The agency’s multiemployer program is projected to become insolvent by 2025 or earlier, PBGC Director Tom Reeder said in a Nov. 16 press call announcing the Pension Benefit Guaranty Corporation’s fiscal year 2016 annual report. Multiemployer plans are generally collectively bargained and involve more than one employer.
The 12.4 percent increase in the multiemployer program deficit was driven by the 11 additional plans that are expected to run out of money within the next 10 years, and by decreases in interest rate factors used to value PBGC’s liabilities, Reeder said.
To prevent the multiemployer program from becoming insolvent, “reform is urgently needed,” Reeder said. Congress needs to permit the PBGC to raise plan premiums, he said.
The Obama administration’s FY 2017 budget proposes a $15 billion increase in multiemployer premium revenues over the 10-year budget window. “Such an increase would eliminate most of the risk of the multiemployer program becoming insolvent within 20 years,” PBGC’s press secretary Marc Hopkins told Bloomberg BNA in an e-mail.The insolvency threat of the multiemployer program would be reduced if Congress were to pass pending bipartisan legislation ( S. 1714) that would allow transfers of unspent money from a fund for cleaning up abandoned mines to the United Mine Workers of America 1974 Pension Plan, Reeder said during the call.
The PBGC’s annual report had better news for the agency’s single-employer plan insurance program. That program improved by 14.5 percent over the last year.

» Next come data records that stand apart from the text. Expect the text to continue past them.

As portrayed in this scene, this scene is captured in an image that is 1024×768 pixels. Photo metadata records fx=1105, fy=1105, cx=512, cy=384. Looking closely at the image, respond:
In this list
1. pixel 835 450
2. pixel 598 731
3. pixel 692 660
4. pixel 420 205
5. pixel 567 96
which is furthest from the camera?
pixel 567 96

The deficit dropped $3.5 billion from $24.1 billion at the end of September 2015 to $20.6 billion one year later, the report said.
This improvement resulted primarily from increased investment and premium income and a low number of plan terminations, Reeder said.

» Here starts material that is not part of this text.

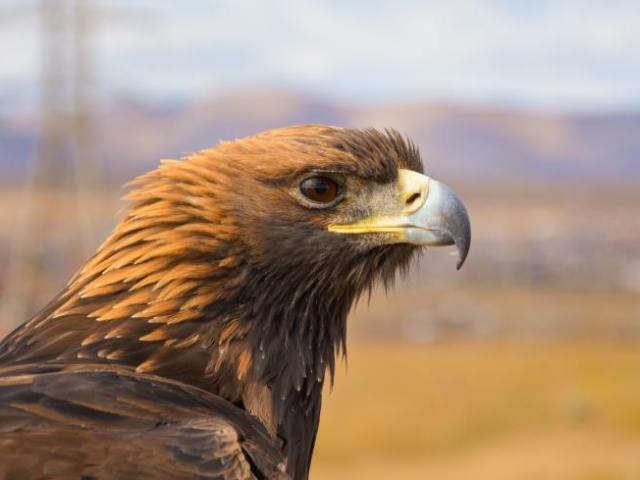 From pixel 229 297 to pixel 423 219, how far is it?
2.86 ft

Reaction to the annual report focused on both the need for Congress to step up and take action to resolve the multiemployer program crisis and on the blame for the Treasury Department’s rejection of tools available under current law.

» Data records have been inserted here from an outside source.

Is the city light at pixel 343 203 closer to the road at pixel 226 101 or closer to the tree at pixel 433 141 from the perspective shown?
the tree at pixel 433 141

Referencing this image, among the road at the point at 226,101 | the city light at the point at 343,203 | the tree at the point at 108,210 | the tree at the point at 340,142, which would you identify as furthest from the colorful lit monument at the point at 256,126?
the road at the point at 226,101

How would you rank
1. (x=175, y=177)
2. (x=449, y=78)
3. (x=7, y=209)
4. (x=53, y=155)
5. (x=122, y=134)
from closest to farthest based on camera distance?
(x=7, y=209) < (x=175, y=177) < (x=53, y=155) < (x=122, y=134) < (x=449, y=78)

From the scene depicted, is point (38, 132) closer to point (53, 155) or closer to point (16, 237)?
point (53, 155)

The agency’s deficit “illustrates the continued need for Congress to pass a comprehensive solution to the problem of underfunded multiemployer plans that will also strengthen the PBGC,” Karen Friedman, executive director of the Pension Rights Center in Washington, told Bloomberg BNA in an e-mail.
The report is a reminder of the “serious threat facing workers, retirees, employers and taxpayers,” House Education and the Workforce Committee Chairman John Kline (R-Minn.) said in a statement. He used the opportunity to blame the Obama administration for undermining the tools available for plans to avoid insolvency under the Multiemployer Pension Reform Act, also known as the Kline-Miller Act.
Kline was referring to the fact that the Treasury has thus far ruled on four multiemployer plan suspension of benefit petitions authorized under the act as a means to avoid insolvency. The department has rejected all four.
“Trustees must be afforded the opportunity to use the tools they have under current law to save plans from insolvency,” Kline added.
Kline, who will be retiring at the close of the present Congress, has made passage of composite plan legislation to aid multiemployer plans a priority. Such plans are designed to incorporate the best features of defined benefit and defined contribution plans. Draft legislation Kline supports would permit certain multiemployer plans to establish, in addition to existing legacy defined benefit plans, composite-defined contribution-type plans.
Composite plans, like defined contribution plans, would relieve plan sponsors of investment and interest rate risk. They wouldn’t, however, participate in the PBGC’s insurance system.
It’s widely believed that Kline will seek to have Republican Party House leadership include composite plan legislation in a must pass year-end omnibus bill.